Forgotten in all the excitement over the revolution in Egypt has been the precarious situation of Coptic Christians there. Yet just weeks ago, Copts in Egypt experienced an unprecedented reign of terror. An Islamic jihad-martyrdom suicide bomber murdered twenty-two people and wounded eighty more at the Coptic Christian Church of the Saints in Alexandria, Egypt on New Year’s Eve. Just days later, as Christmas (which Copts celebrate on January 7) 2011 approached, an Islamic website carried this ominous exhortation: “Blow up the churches while they are celebrating Christmas or any other time when the churches are packed.” And if the Muslim Brotherhood takes power in Egypt, the treatment of the Copts is likely only to get worse.
Former U.N. Ambassador John Bolton recently injected a note of realism into the mainstream media euphoria over the heroic “pro-democracy” demonstrators in Egypt. “The overthrow of the Mubarak regime,” Bolton warned, “will not by any sense of the imagination lead to the advent of Jeffersonian democracy. The greater likelihood is a radical, tightly knit organization like the Muslim Brotherhood will take advantage of the chaos and seize power.” And that will be bad news for Egyptian Christians: “It is really legitimate for the Copts to be worried that instability follow Mubarak’s fall and his replacement with the Muslim Brotherhood.”
Apparently aware of this, the head of the Coptic Church, Pope Shenouda III, has forbidden Copts from participating in the demonstrations. It has been widely reported in the West that many Copts are defying this ban; on the other hand, however, a source on the ground in Egypt tells me that the news reports are wrong, and that Copts are not participating. Whatever may be the truth of the matter, it is certain that a Muslim Brotherhood state in Egypt would make their situation even worse than it is already.

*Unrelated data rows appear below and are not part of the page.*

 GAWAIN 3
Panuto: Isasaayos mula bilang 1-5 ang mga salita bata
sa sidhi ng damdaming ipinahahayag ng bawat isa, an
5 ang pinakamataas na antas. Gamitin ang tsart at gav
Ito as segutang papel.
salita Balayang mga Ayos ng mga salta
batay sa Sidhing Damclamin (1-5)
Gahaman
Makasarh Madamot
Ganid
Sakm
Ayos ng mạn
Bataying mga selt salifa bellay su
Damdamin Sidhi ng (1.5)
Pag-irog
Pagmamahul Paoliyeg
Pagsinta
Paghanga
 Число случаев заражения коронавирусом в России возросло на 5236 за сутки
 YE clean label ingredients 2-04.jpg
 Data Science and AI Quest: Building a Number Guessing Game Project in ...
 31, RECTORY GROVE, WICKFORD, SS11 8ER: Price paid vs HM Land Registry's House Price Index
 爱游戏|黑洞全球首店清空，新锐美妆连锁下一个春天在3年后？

Coptic Christians have suffered discrimination and harassment for centuries. A law dating from 1856 and strongly influenced by classic Islamic restrictions on subjugated non-Muslim dhimmi communities remains on the books to this day, and severely restricts the construction of new churches. That law is part of a pervasive tendency toward discrimination: Human Right Watch reported in January 2011 that “despite the fact that the Egyptian Constitution guarantees the equality of rights, there have been reported cases of widespread discrimination against Egyptian Christians.”
Discrimination and harassment have been daily features of Coptic life for years. In February 2007, rumors that a Coptic Christian man was having an affair with a Muslim woman – a violation of Islamic law – led to a rampage that resulted in the destruction of several Christian-owned shops in southern Egypt. A similar rumor induced Muslims to torch Christian homes in southern Egypt in November 2010. And besides physical attacks, Christians have been restricted from speaking freely. In August 2007, two Coptic rights activists were arrested for “publishing articles and declarations that are damaging to Islam and insulting to Prophet Mohammed on the United Copts web site.”

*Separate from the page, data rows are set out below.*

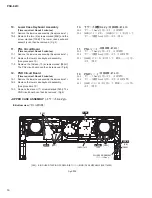 Предварительный просмотр 14 страницы Yamaha PSRE413 - KEYBOARD USB 100 PATTERNS Service Manual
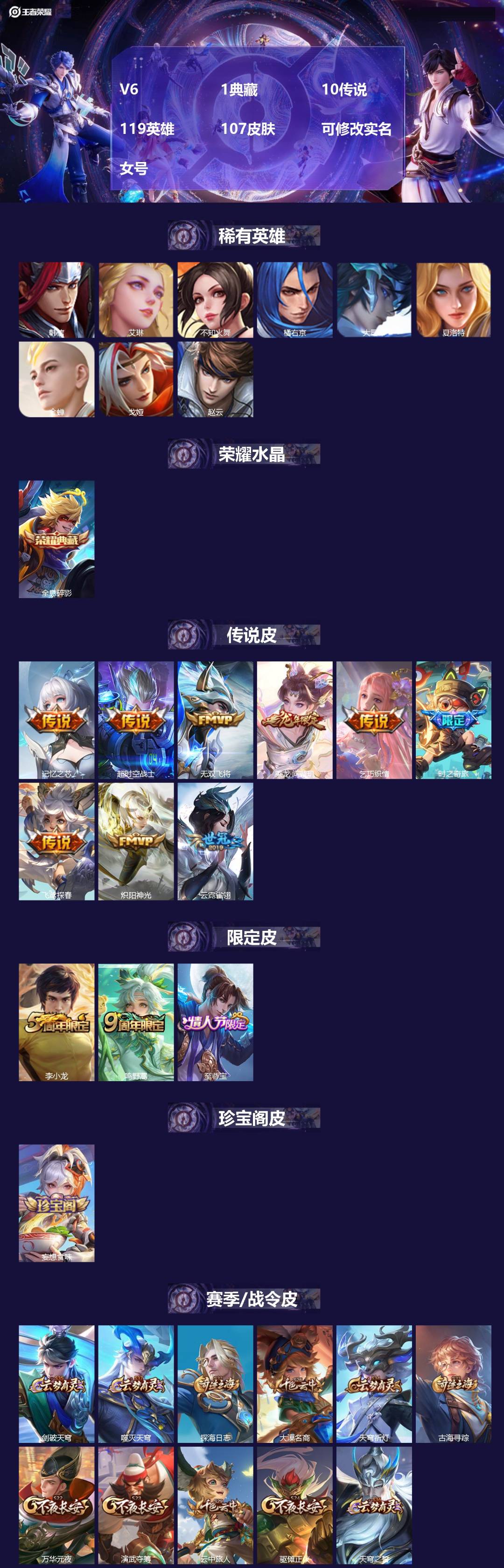 王者荣耀账号安卓QQ[]V6 1典藏 10传说 119英雄 107皮肤 可修改实名 女号 
【英雄全皮】蚩奼全皮
【稀有英雄】大司命,韩信(韩跳跳),夏洛特(夏师傅),艾琳,橘右京(橘子),不知火舞,赵云,金蝉(唐僧),
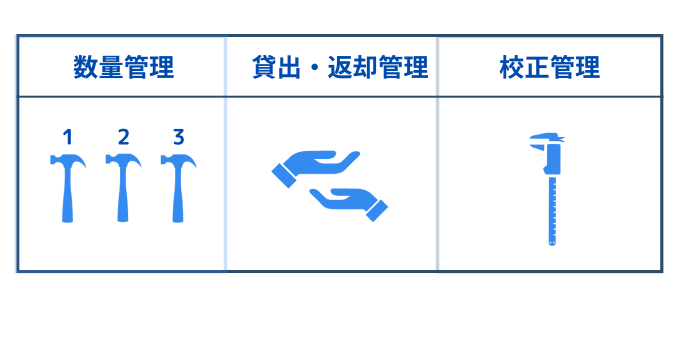 工具管理の目的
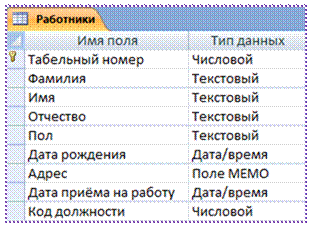 Пример ВЫПОЛНЕНИЯ КОНТРОЛЬНОЙ РАБОТЫ - student2.ru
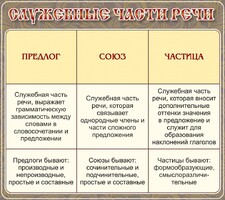 Стенд "Служебные части речи" - fgospostavki.ru - Нижний Тагил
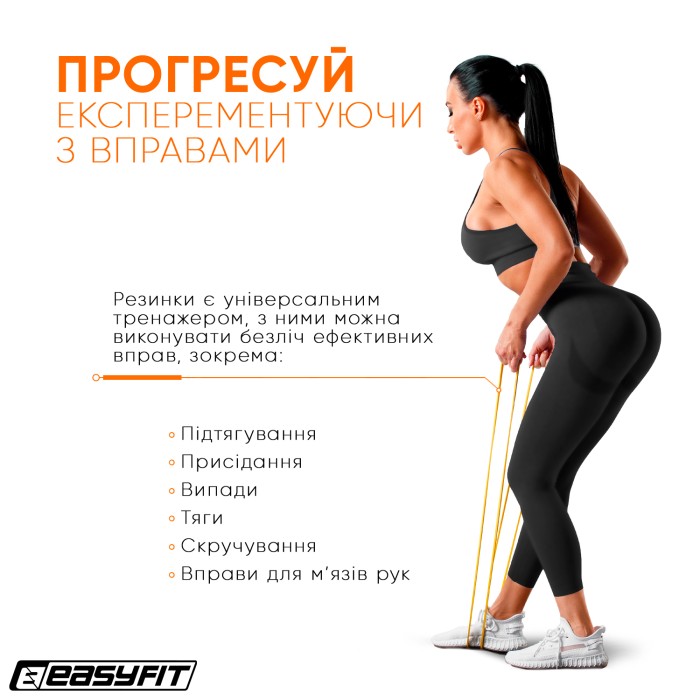 Резиновая петля EasyFit 1-6 кг Желтая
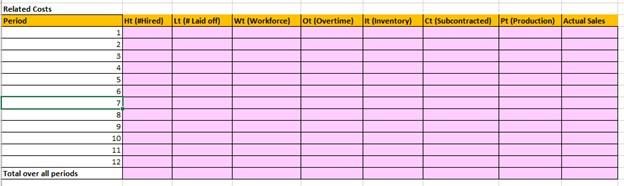 the demand and supply planning exercise for the coming year. Anticipated monthly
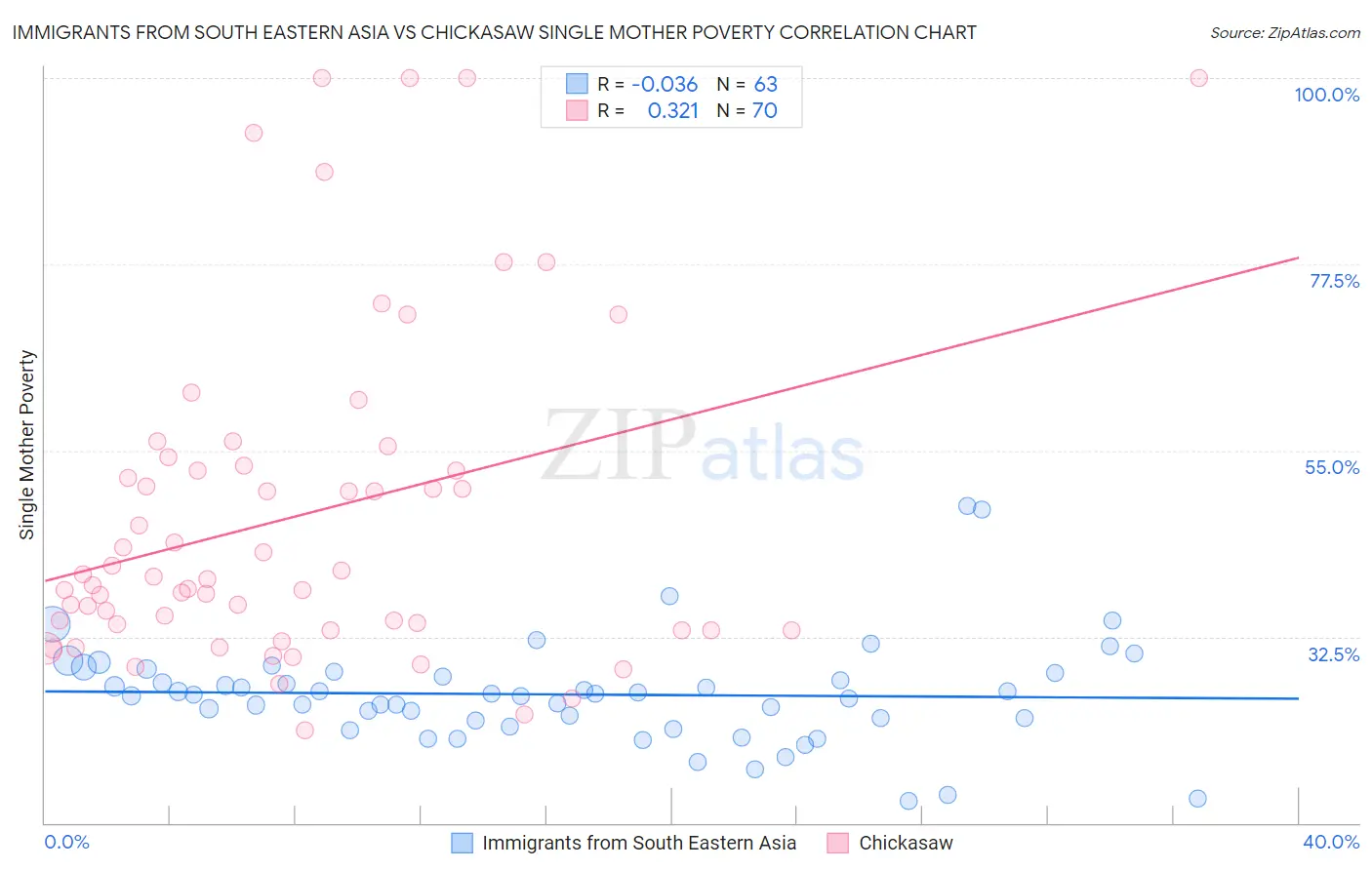 Immigrants from South Eastern Asia vs Chickasaw Single Mother Poverty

Authorities have even asserted that restriction on speech outside Egypt itself, in connection with people discussing the plight of the Copts. When Pope Benedict XVI spoke out in January 2011 against the persecution of Christians in Egypt and elsewhere in the Middle East, Al-Azhar University in Cairo, the world’s most prestigious Sunni Muslim institution, reacted angrily, breaking off dialogue with the Vatican and accusing the Pope of interference in internal Egyptian affairs. In a statement, Al-Azhar denounced the pontiff’s “repeated negative references to Islam and his claims that Muslims persecute those living among them in the Middle East.” This was not the first time Al-Azhar had moved against those who decried the persecution of Christians in Egypt rather than against the persecutors: just weeks before taking issue with the Pope’s statements, Al-Azhar demanded that Copts repudiate a U.S. report on Coptic persecution. The Mubarak government of Egypt, meanwhile, recalled its ambassador to the Vatican.